Reproduce the records exactly, but not the pictures.

——————

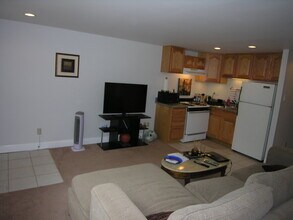 280 Greenough St, Unit A in Philadelphia, PA - Building Photo - Building Photo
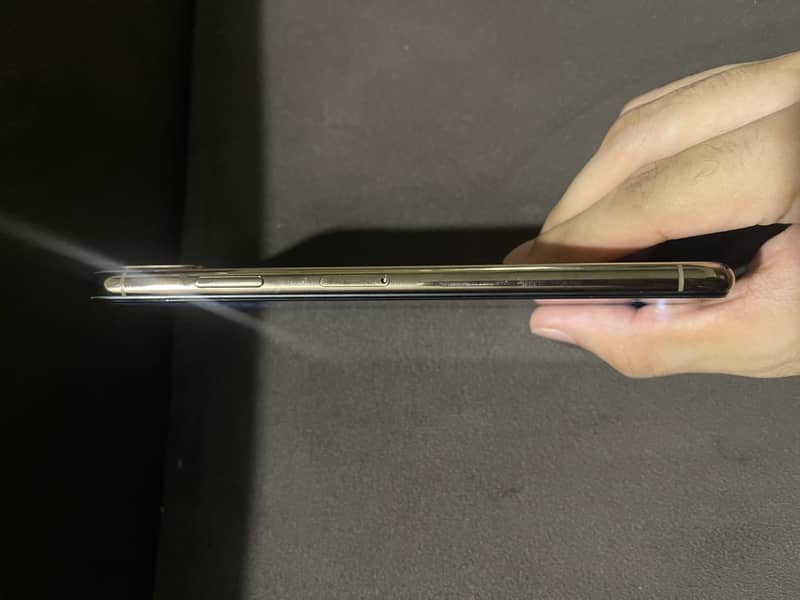 Apple iPhone X 6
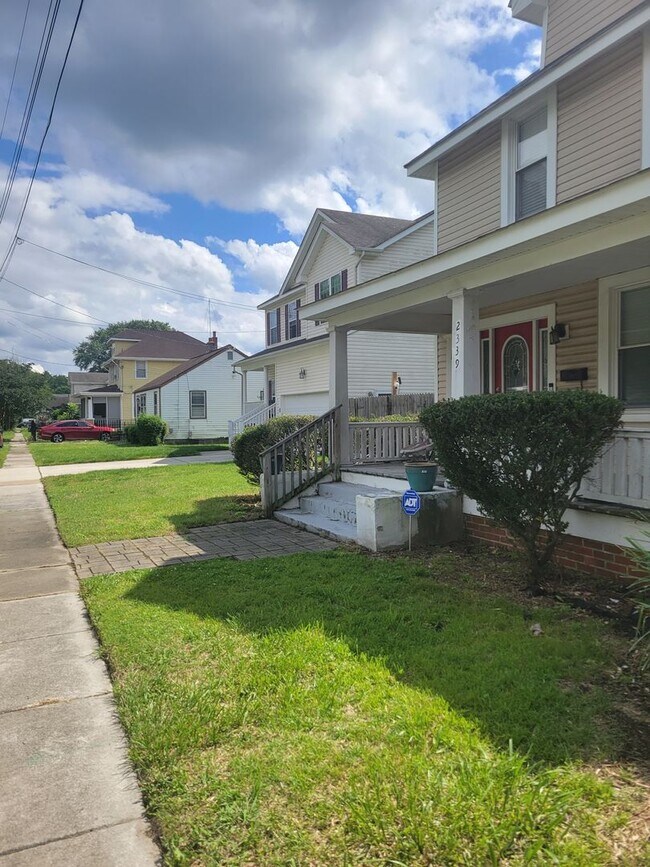 Building Photo - 4 bedroom 3 baths single family house clos...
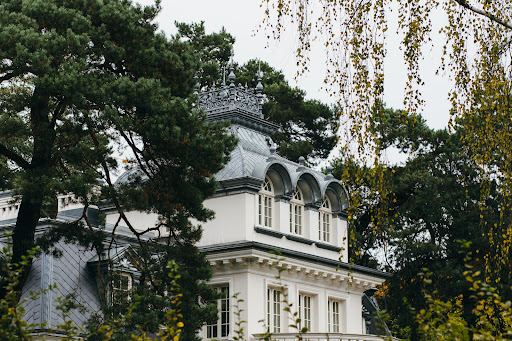 Belvedere Estate | Butikowa Agencja Nieruchomości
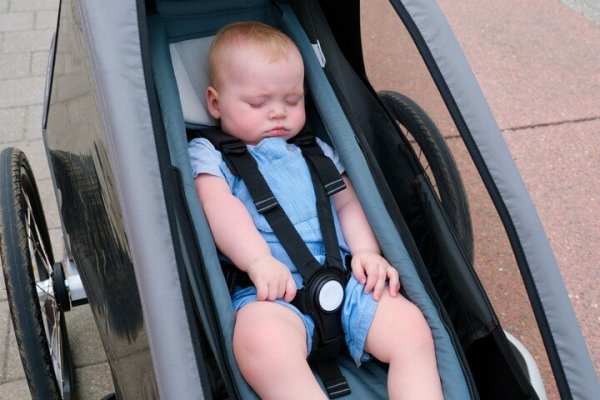 baby slaapt in fietskar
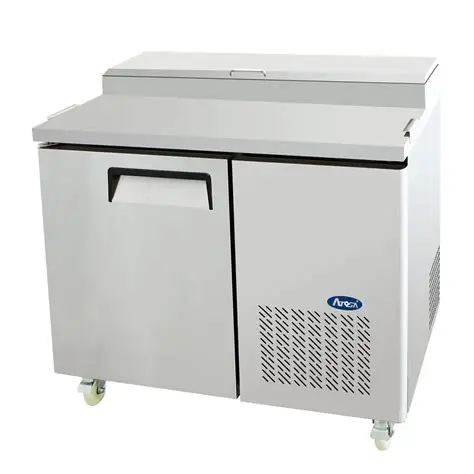 ATOSA 44 INCH REFRIGERATED PIZZA PREP TABLE ON CASTERS WITH 1 DOOR; 1 HINGED LID; 9.7 CUBIC FOOT CAPACITY; AND COMPRESSOR ON RIGHT - ETL APPROVED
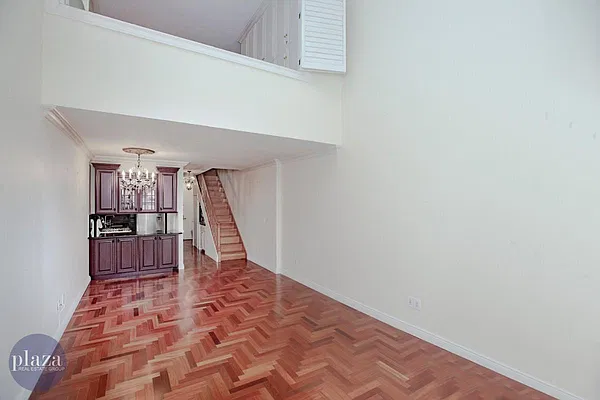 Rented by Plaza Real Estate Group | media 8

——————

Task answer >>
 280 Greenough St, Unit A in Philadelphia, PA - Building Photo - Building Photo
 Apple iPhone X 6
 Building Photo - 4 bedroom 3 baths single family house clos...
 Belvedere Estate | Butikowa Agencja Nieruchomości
 baby slaapt in fietskar
 ATOSA 44 INCH REFRIGERATED PIZZA PREP TABLE ON CASTERS WITH 1 DOOR; 1 HINGED LID; 9.7 CUBIC FOOT CAPACITY; AND COMPRESSOR ON RIGHT - ETL APPROVED
 Rented by Plaza Real Estate Group | media 8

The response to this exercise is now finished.